To reconstitute and prepare Recombinant Human NGF R protein for cell culture experiments, first briefly centrifuge the vial to collect the lyophilized powder at the bottom. Use sterile technique throughout the process.

Reconstitution Protocol:

• Add sterile, distilled water or sterile PBS (pH 7.4) as the diluent, depending on the specific formulation and experimental requirements.
• For most applications, reconstitute to a final concentration of 0.1–1.0 mg/mL. For example, add 1 mL of diluent to 1 mg of protein for a 1 mg/mL solution.
• If recommended, include a carrier protein such as 0.1% human or bovine serum albumin (HSA/BSA) to stabilize the protein, especially for long-term storage or low concentration use.
• Do not vortex or mix vigorously; instead, gently swirl or tap the vial to dissolve the protein and avoid foaming.
• Allow the solution to sit at room temperature for several minutes to ensure complete dissolution.

Preparation for Cell Culture:

• After reconstitution, dilute the stock solution to the desired working concentration using sterile cell culture medium or buffer.
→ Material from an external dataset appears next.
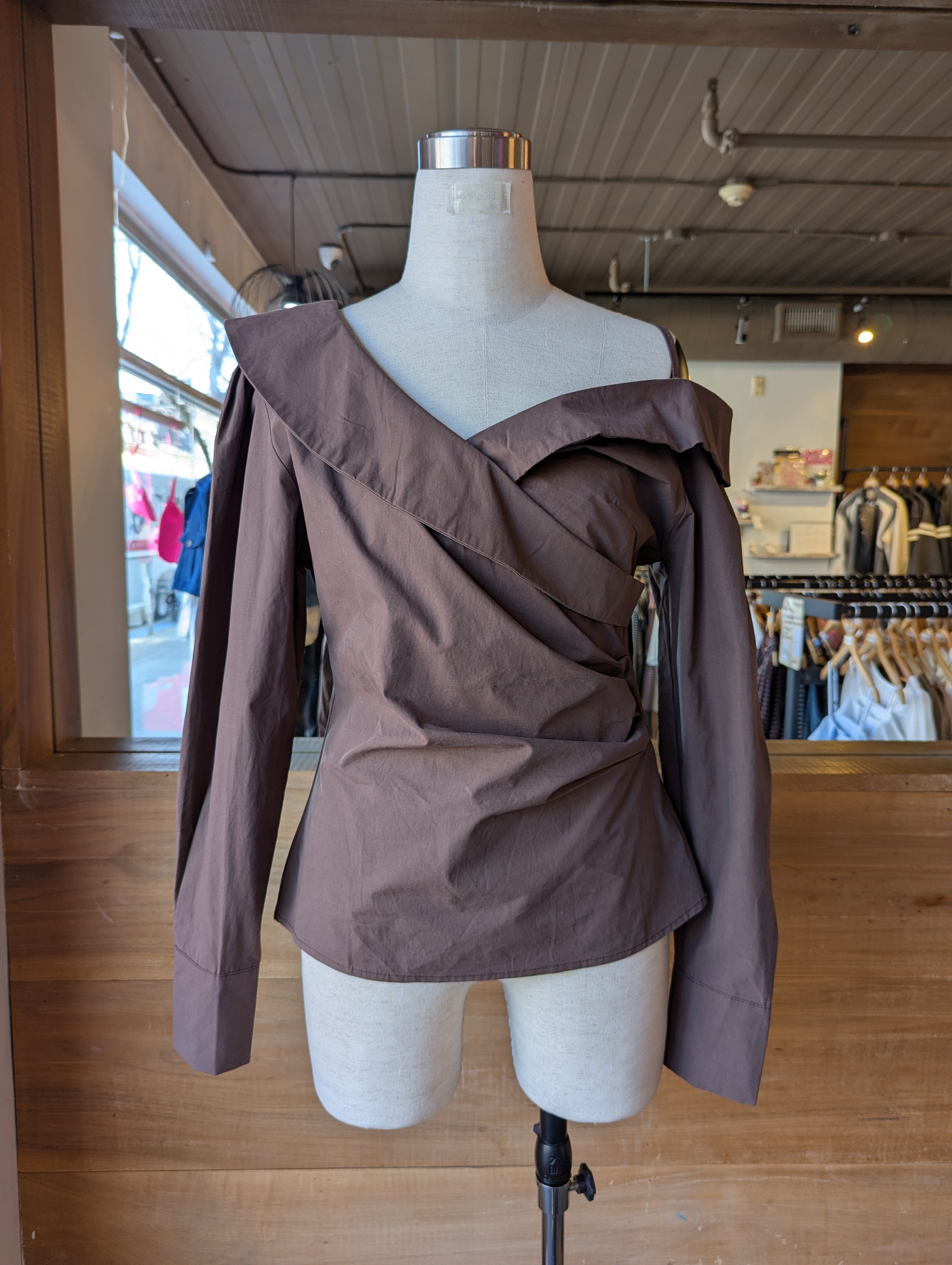 Riviera Draped Top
Typical working concentrations for bioassays range from 0.2–2 ng/mL, but optimal dosing should be determined empirically for your cell type and assay.
• Filter-sterilize the final working solution if required for sensitive cell culture applications.

Storage Recommendations:

• Store the reconstituted protein at 2–8°C for up to 1 week.
• For longer-term storage, aliquot and freeze at –20°C to –70°C to avoid repeated freeze-thaw cycles.
• If carrier protein is included, stability may be enhanced for extended storage.

Additional Notes:

• Always consult the product-specific datasheet or Certificate of Analysis for any unique requirements regarding diluent, concentration, or additives.
• Avoid reconstituting to concentrations below 100 µg/mL unless specifically recommended, as lower concentrations may reduce stability.
• Use aseptic technique to prevent contamination.

This protocol ensures optimal solubility, stability, and biological activity of recombinant NGF R protein for cell culture experiments.